An MBA may not be common for producers, but it was the “next logical step” for Whitney Ferris, WG’18. Having produced TV commercials since graduating from college, she came to Wharton’s MBA for Executives Program in San Francisco to learn how to make a larger impact with film.

“I wanted to challenge myself to think bigger and to look for opportunities to become a decision-maker as to what messages are created, how they are shared, and who sees them,” said Whitney, a senior producer at BBDO San Francisco.

Her main area of focus – an area she is exploring at Wharton – is social impact. “Every company has an opportunity to ask how they can have a more positive influence in the world. I’m passionate about creating impactful messages in producing commercials and shaping relationships with brands,” she said.

Her recent work on the “Dads Who Play Barbie” commercial for Mattel is a perfect example. Whitney produced the ad, which first aired during the AFC Championship Game between the New England Patriots and the Pittsburgh Steelers. It highlights how time spent by dads playing with their daughters in their imaginary world is an investment in their real world.

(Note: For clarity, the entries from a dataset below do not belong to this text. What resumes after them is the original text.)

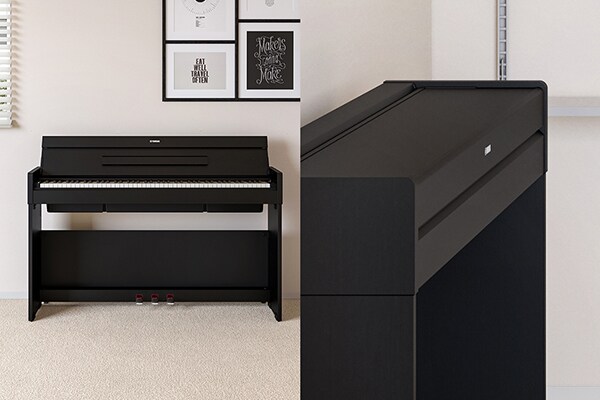 An ARIUS piano blending in with the living room interior, and an ARIUS piano with a flatter, more compact design with its lid closed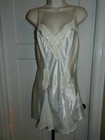 VTG Victorias Secret IVORY Sz S Off White Satin second skin Nightgown Pearls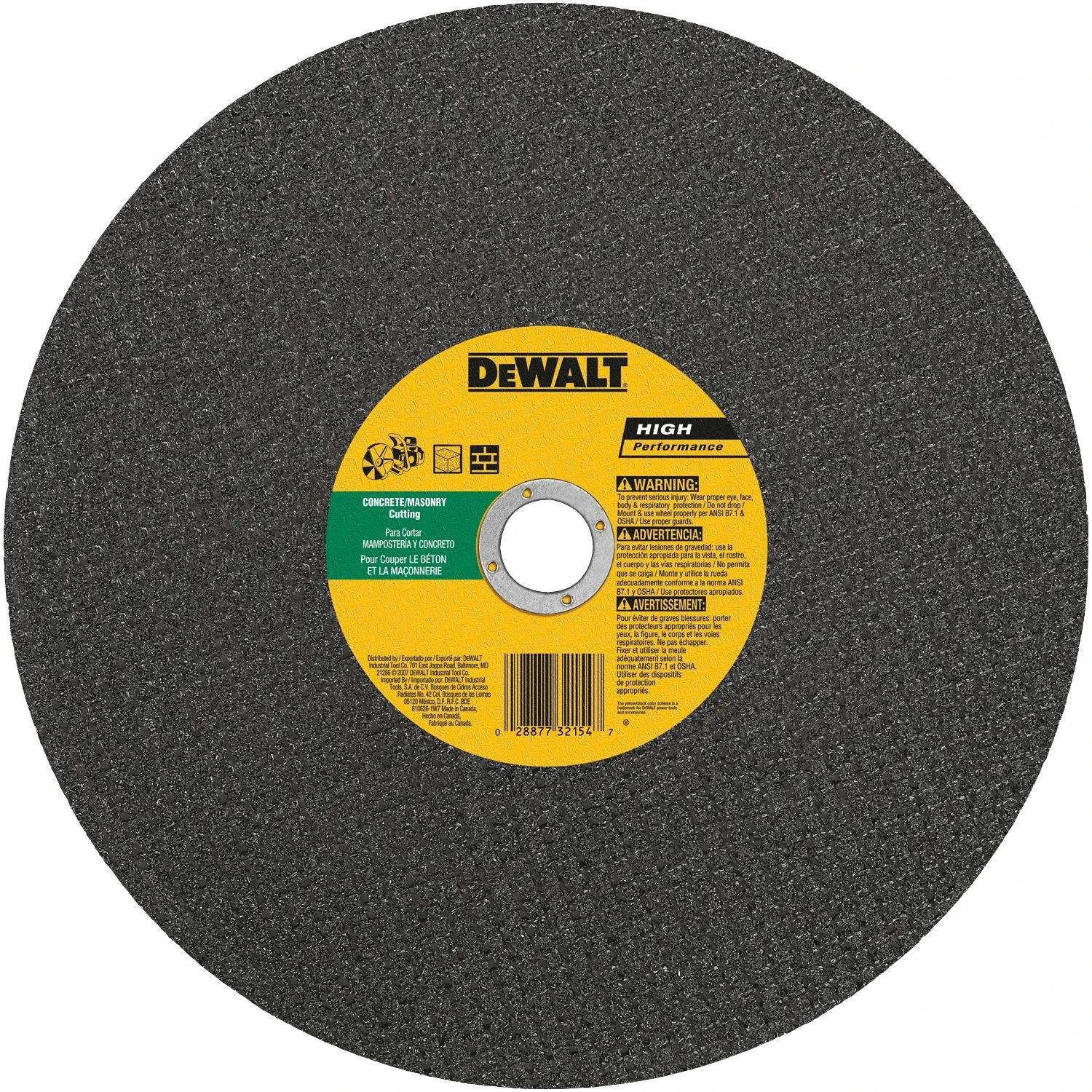 DeWalt 14 In. D X 0.78 In. Silicon Carbide Cut-Off Wheel 1 Pc 3 DeWalt 14 In. D X 0.78 In. Silicon Carbide Cut-Off Wheel 1 Pc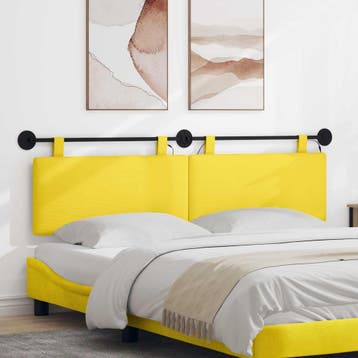vidaXL Hangend hoofdbord Licht Geel Corduroy stof, Huis en Inrichting, Slaapkamer | Bedden, Verzenden, Nieuw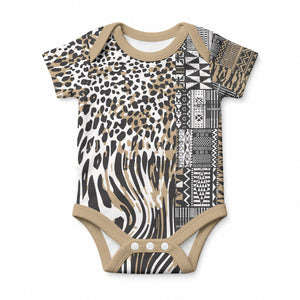 Africa Tribal Pattern Mixed Leopard Skin Baby Onesie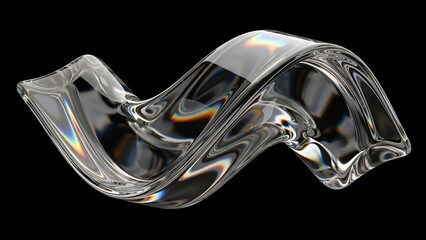 Translucent Fluidity: A Dynamic Clear Wave Formation with Luminous Prismatic Reflections
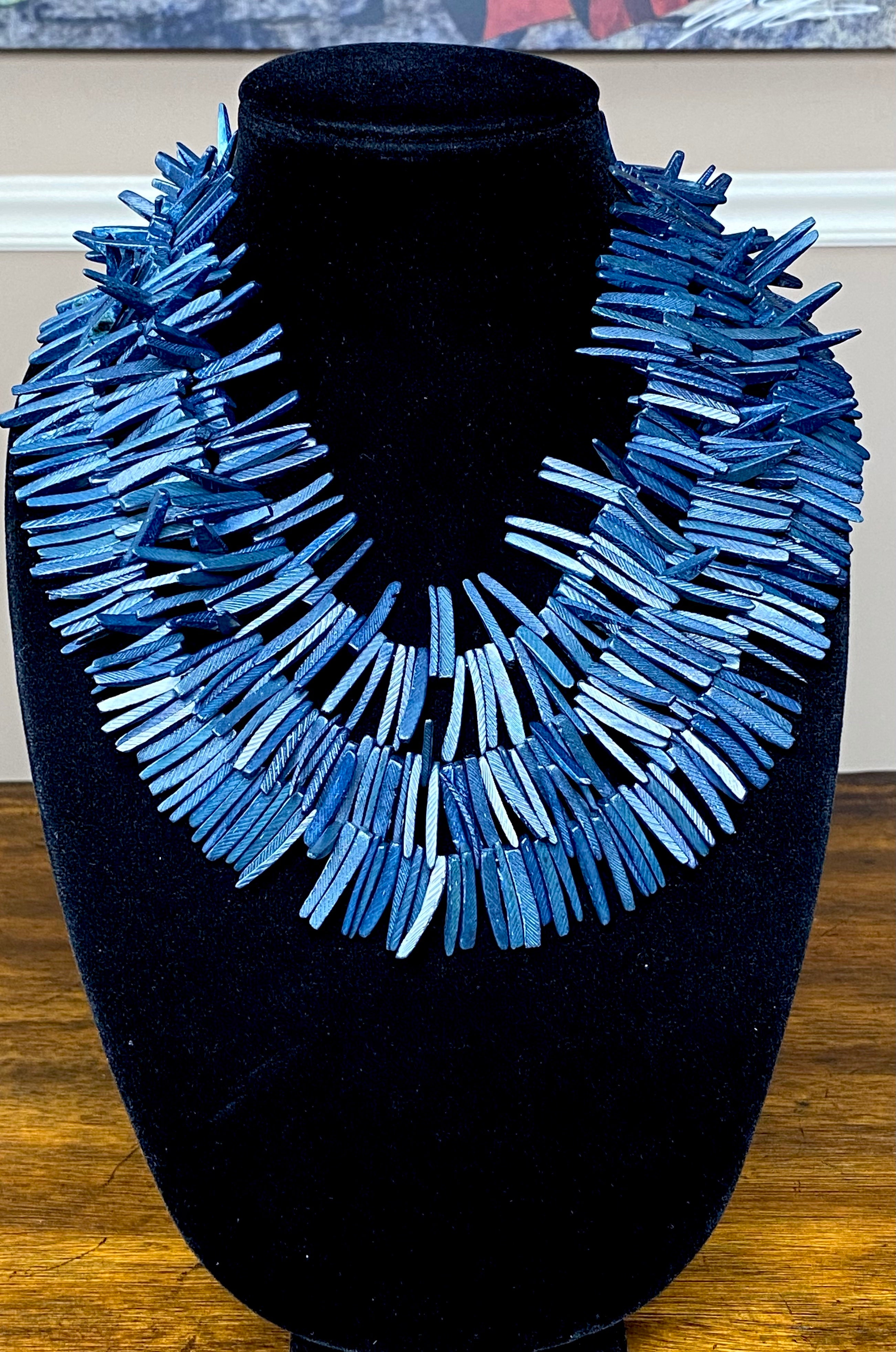 Handcrafted Blue Wood Stick Bead Necklace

“My main inspiration lies in creating movements,” Whitney said. “I want to use the power and influence of film to make a meaningful difference, and change the way people think and interact.”

Challenging the Status Quo

When she decided to go back to school, Wharton San Francisco’s annual Social Impact Conference was one of the first things that attracted Whitney to Wharton. “Before applying, I went to the conference to get a sense of the School and was genuinely impressed by its commitment not only to social change, but also to the Bay Area’s entrepreneurial community,” she said.

As Whitney started to talk to students and alumni, she saw that she could learn a great deal from Wharton classmates and contribute her own unique perspectives.

“I wanted to engage with a diverse group of students who would challenge me to think differently and help me grow, and have an opportunity to shake things up for my classmates too,” she said. “That is what we do in advertising – we try to challenge the status quo.”

Although she knew Wharton was the right EMBA program for her, Whitney still needed to decide about self-sponsorship.

“It was a scary decision because it was a lot of debt to take on, but I thought back to something my mom always said, ‘No one can take knowledge from you, so your education is always worth investing in.’”

“It’s a gamble, but I think the best gambles are those we take on ourselves and I feel good about this investment,” Whitney said. “I came to Wharton to extend my network outside of advertising, engage with the entrepreneurial ecosystem in the Bay Area, and get the knowledge and skills needed to have a more influential role.”

Even though she’s still in her first year, Whitney is already see a return on her investment.

How Wharton Adds Value for Women

For Whitney, the most “immediate and tangible” value is the School’s brand. “Having Wharton associated with my name gives me immediate credibility and respect with peers, vendors, and clients,” she said.

She pointed out that this benefit is especially helpful to her as a woman. “The Wharton name allows for opportunities to have a seat at tables that I may not have otherwise had access to. This program helps to level the playing field. Colleagues and potential partners know I’m driven, ambitious, and trust me to take on serious challenges. I don’t have to prove my tenacity anymore.”

Another important value is her new network. “You become part of a community that has great respect for one another,” she said. “This is an extremely rigorous program and when you go through it, you know you can count on a Wharton EMBA student past, present, or future.”

Whitney described a “noticeable celebration” of women in the program. “Wharton acknowledges the gender gap in EMBA programs, as they occur during a time for many women when other major life-changing decisions are being made, whether it is career, marriage, or kids,” she said. “These can all deter women from going back to school. I’m impressed with Wharton’s willingness to acknowledge this challenge and actively work to address it.”

“Through things like Women of Wharton events and speakers who directly address these challenges, Wharton is taking steps to help shrink the gender gap,” Whitney said. “We have work to do in this area, but every step that Wharton takes for women and leadership is a step forward for everyone.”